-- Given information follows --
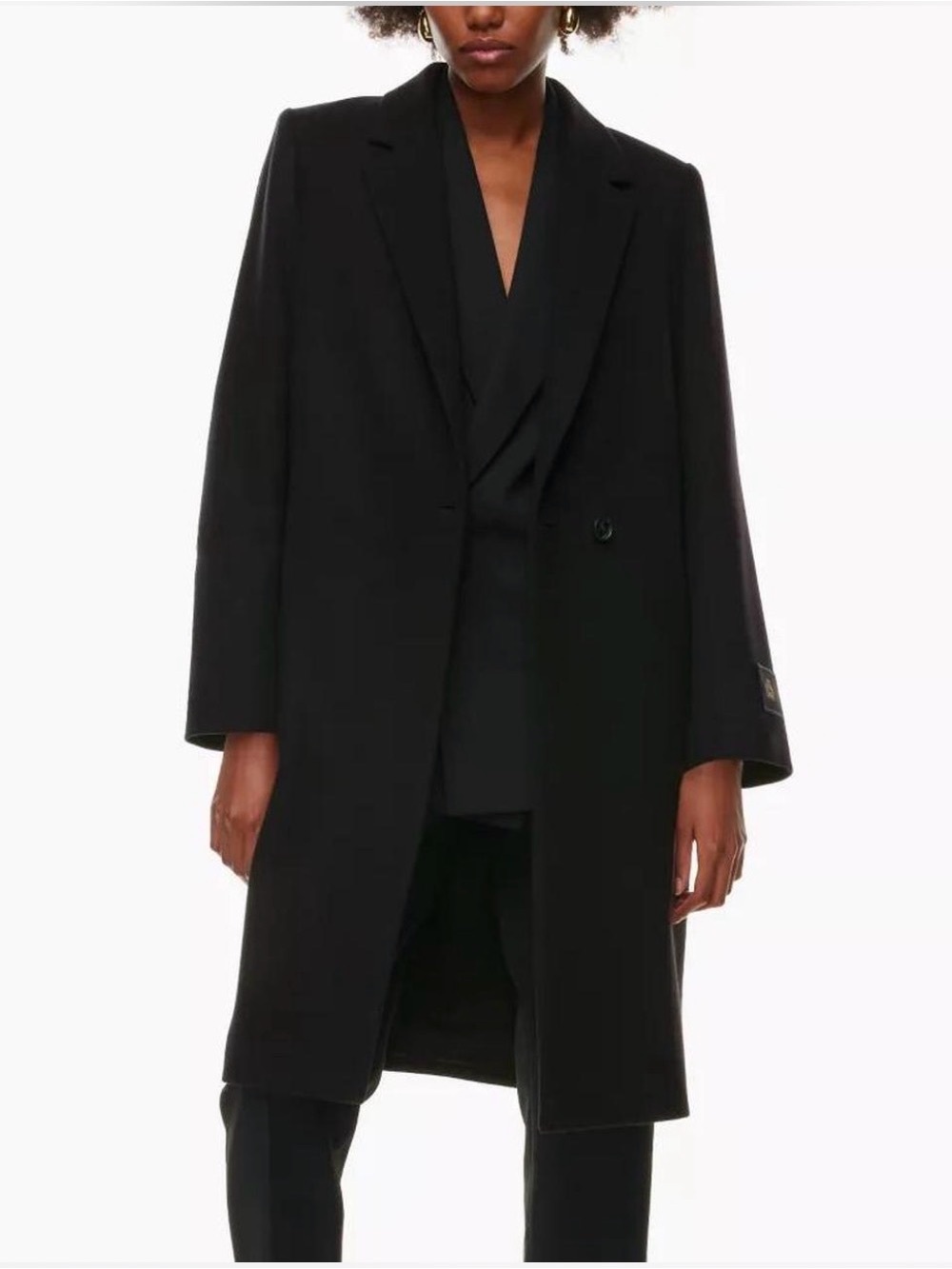 Aritzia Babaton Black Stedman Italian Virgin Wool Coat Overcoat Unlined Size XS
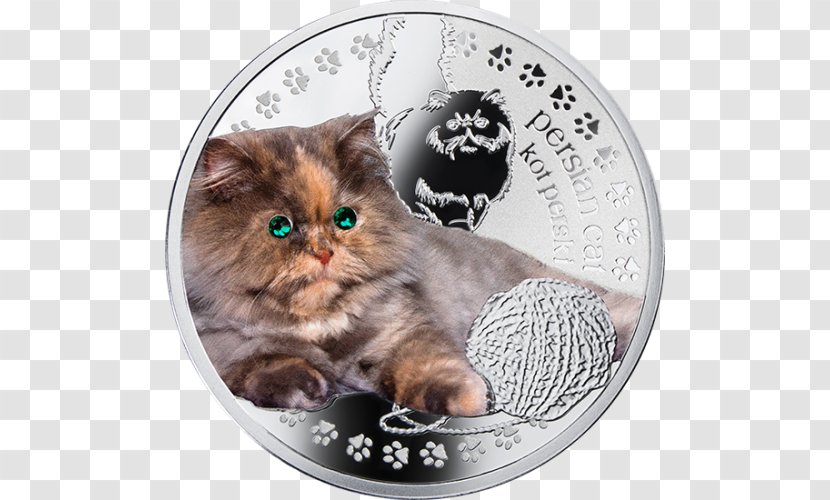 Persian Cat Silver Coin Numismatics - Mint Transparent PNG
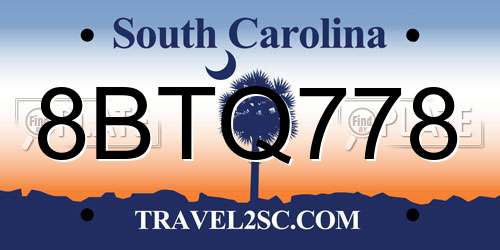 8BTQ778 South Carolina License Plate
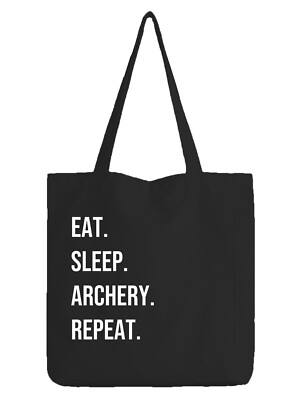 Black Tote Bag Sport Gift Shopper Funny Eat Sleep Repeat Hobby Team Club Joke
-- Given information concluded --
What is needed: Print the stretch of the data from the line with "8BTQ778 South Carolina License Plate" through its last line, exactly and with both ends kept. Omit pictures.

Response to the exercise:
 8BTQ778 South Carolina License Plate
 Black Tote Bag Sport Gift Shopper Funny Eat Sleep Repeat Hobby Team Club Joke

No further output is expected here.